__EXERCISE GOAL__. Without the pictures, copy all of the data exactly.

Image-text web data
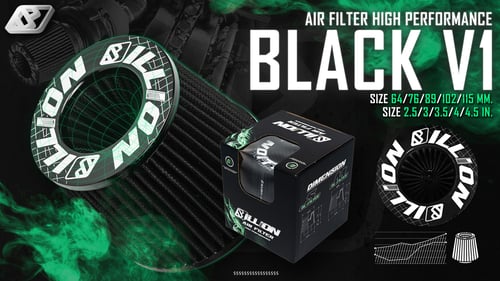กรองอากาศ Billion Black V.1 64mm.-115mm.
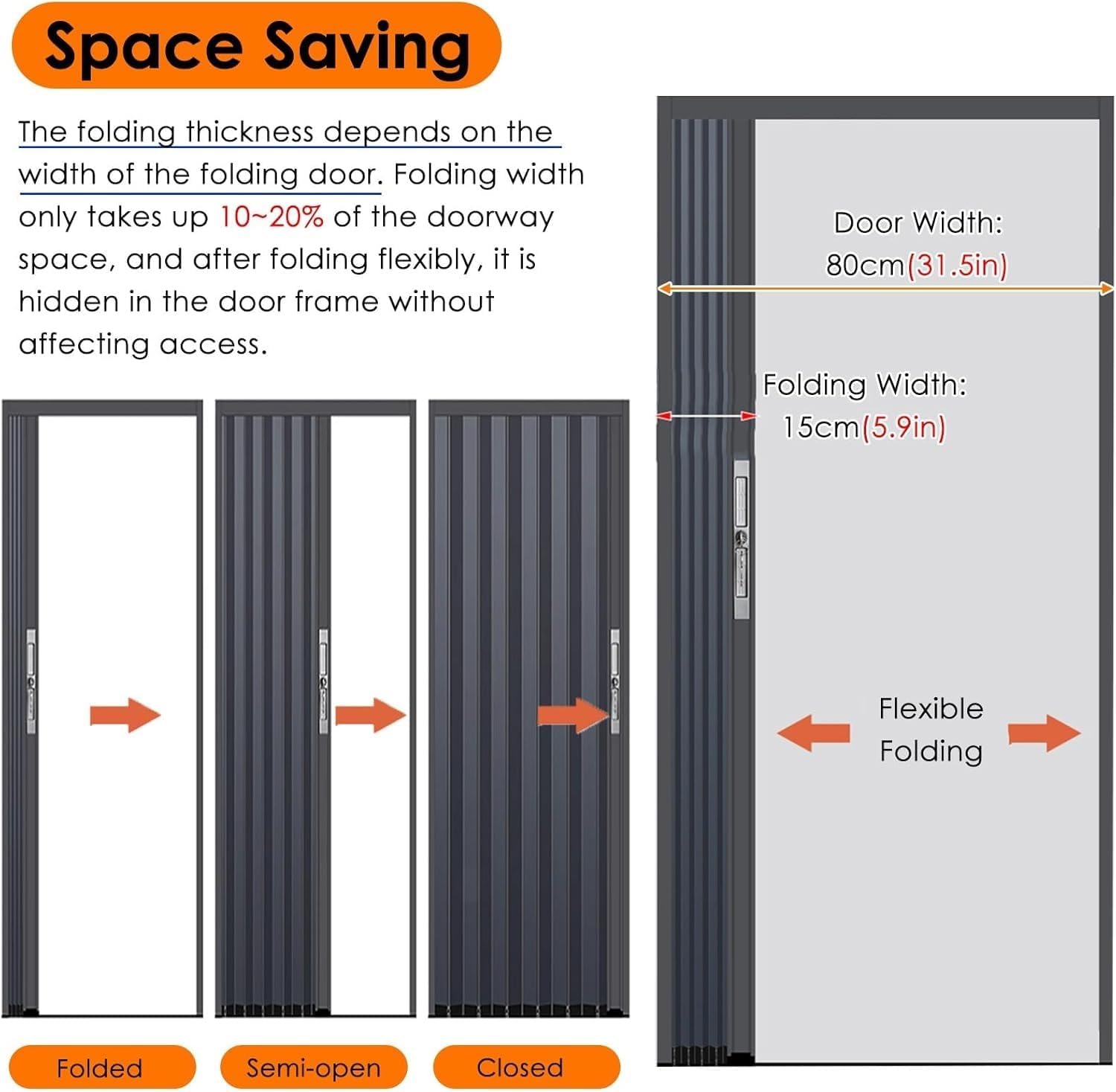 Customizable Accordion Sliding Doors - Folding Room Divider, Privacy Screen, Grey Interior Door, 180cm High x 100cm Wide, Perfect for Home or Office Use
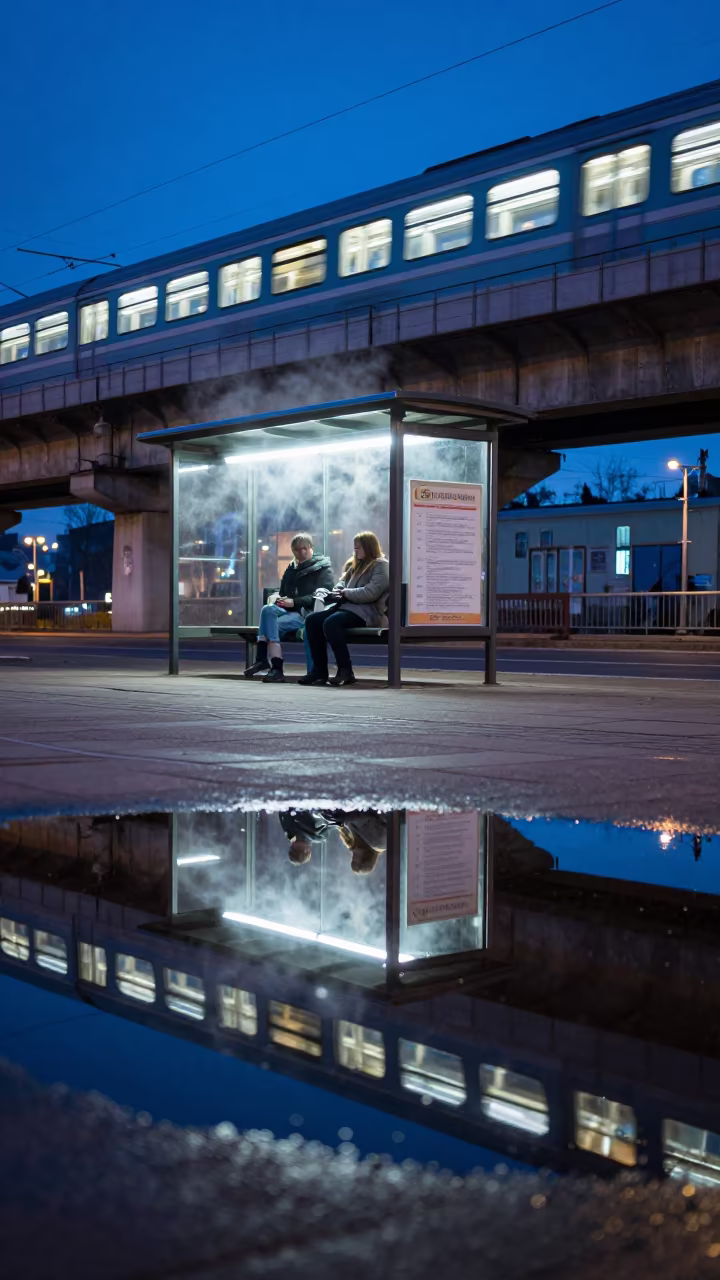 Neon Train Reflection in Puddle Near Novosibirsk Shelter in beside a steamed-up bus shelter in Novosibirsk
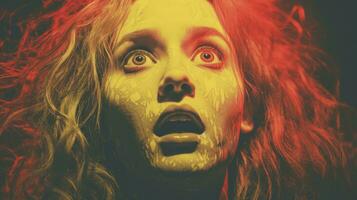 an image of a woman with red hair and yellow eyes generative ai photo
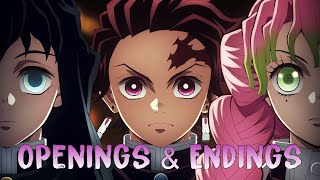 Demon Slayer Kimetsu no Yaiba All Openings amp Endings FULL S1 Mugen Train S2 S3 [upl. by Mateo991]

__SOLUTION FOR THIS TASK__.
กรองอากาศ Billion Black V.1 64mm.-115mm.
 Customizable Accordion Sliding Doors - Folding Room Divider, Privacy Screen, Grey Interior Door, 180cm High x 100cm Wide, Perfect for Home or Office Use
 Neon Train Reflection in Puddle Near Novosibirsk Shelter in beside a steamed-up bus shelter in Novosibirsk
 an image of a woman with red hair and yellow eyes generative ai photo
 Demon Slayer Kimetsu no Yaiba All Openings amp Endings FULL S1 Mugen Train S2 S3 [upl. by Mateo991]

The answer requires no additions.